Canada relaxes real estate pension investing rules

The government has eliminated its previous 5%, 15% and 25% cap on pension plan investments in real estate and Canadian resource properties, with expectations the rule could result in rising allocations to the asset class.

Canadian pension plans exposure to the real estate asset class could increase after the government finalised new regulations which scrapped previous caps on investments.

The Canadian department of finance last week ruled that it would eliminate previous regulations that limited public pensions from investing no more than 5 percent of its portfolio in a single parcel of real estate, and allocate no more than 25 percent of its portfolio to the asset class. The rules also apply to Canadian resource properties (real estate related to petroleum, natural gas or hydrocarbons extraction and operations), and abolished a cap on such investments exceeding 15 percent of a pension portfolio.

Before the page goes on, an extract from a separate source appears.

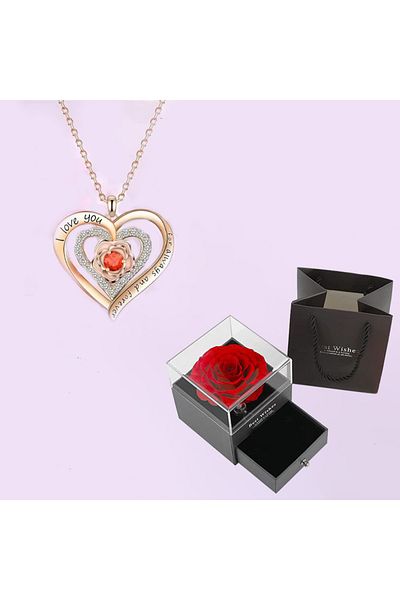 Choice BOX-135-4 Luxury Red Zircon Pendant Necklaces With Rose Flower Gift Box For Girlfriend Women I Love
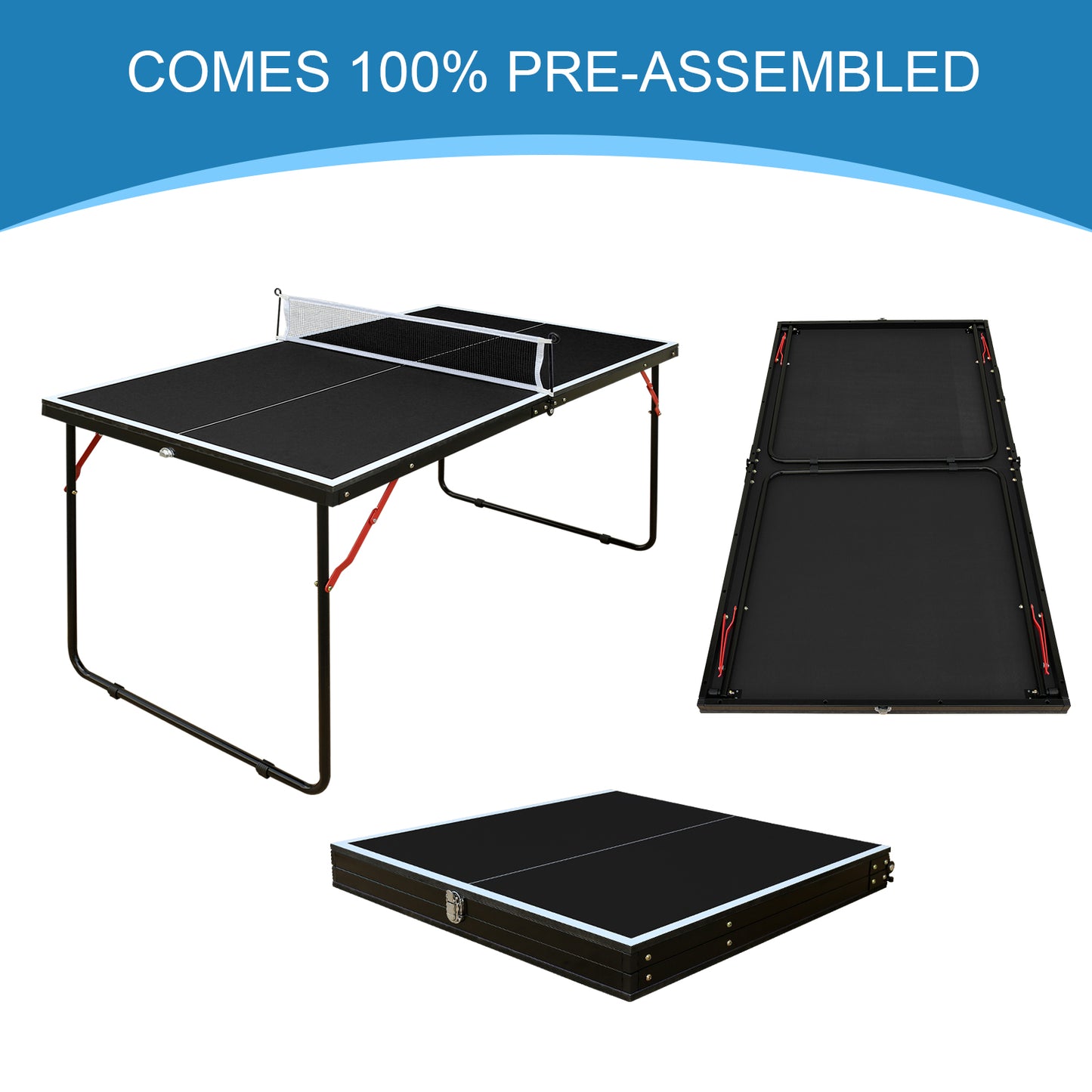 4.5ft Foldable Black Table Tennis Table Set with Net & Paddles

The investment rules, which have not been reviewed in fifteen years, were originally set under market conditions that do not reflect the present environment.

The Canadian department of finance

The government – which will formally publish the regulations on 7 July – said the changes were the first for 15 years with the old rules “cumbersome and no longer required” and “originally set under market conditions that do not reflect the present environment”.

The department of finance however backed off from lifting restrictions on pension funds holding more than 30 percent of the voting shares in a single entity, despite lobbying by Canadian plan sponsors.

In a regulatory impact analysis, the government said the status quo was “appropriate at this time for prudential reasons” adding that “removing the 30 percent rule will increase the potential for pension plans to own and operate companies”.

The Canadian department of finance, however, said it would modify a 10 percent “concentration” rule, which limits pension funds from investing no more than 10 percent of its portfolio in any one deal, “in future regulatory amendments”.

Pension plans in Alberta, British Columbia, Manitoba, Saskatchewan and Ontario will be affected by the changes, and are expected to amend their investment strategies as a result.

Toronto-based law firm Osler, Hoskin & Harcourt said in a briefing note that plan sponsors would “reconsider the limits in their plan’s statement of investment policies” but could also “increase [their] allocation to [the real estate and resource properties] asset classes”.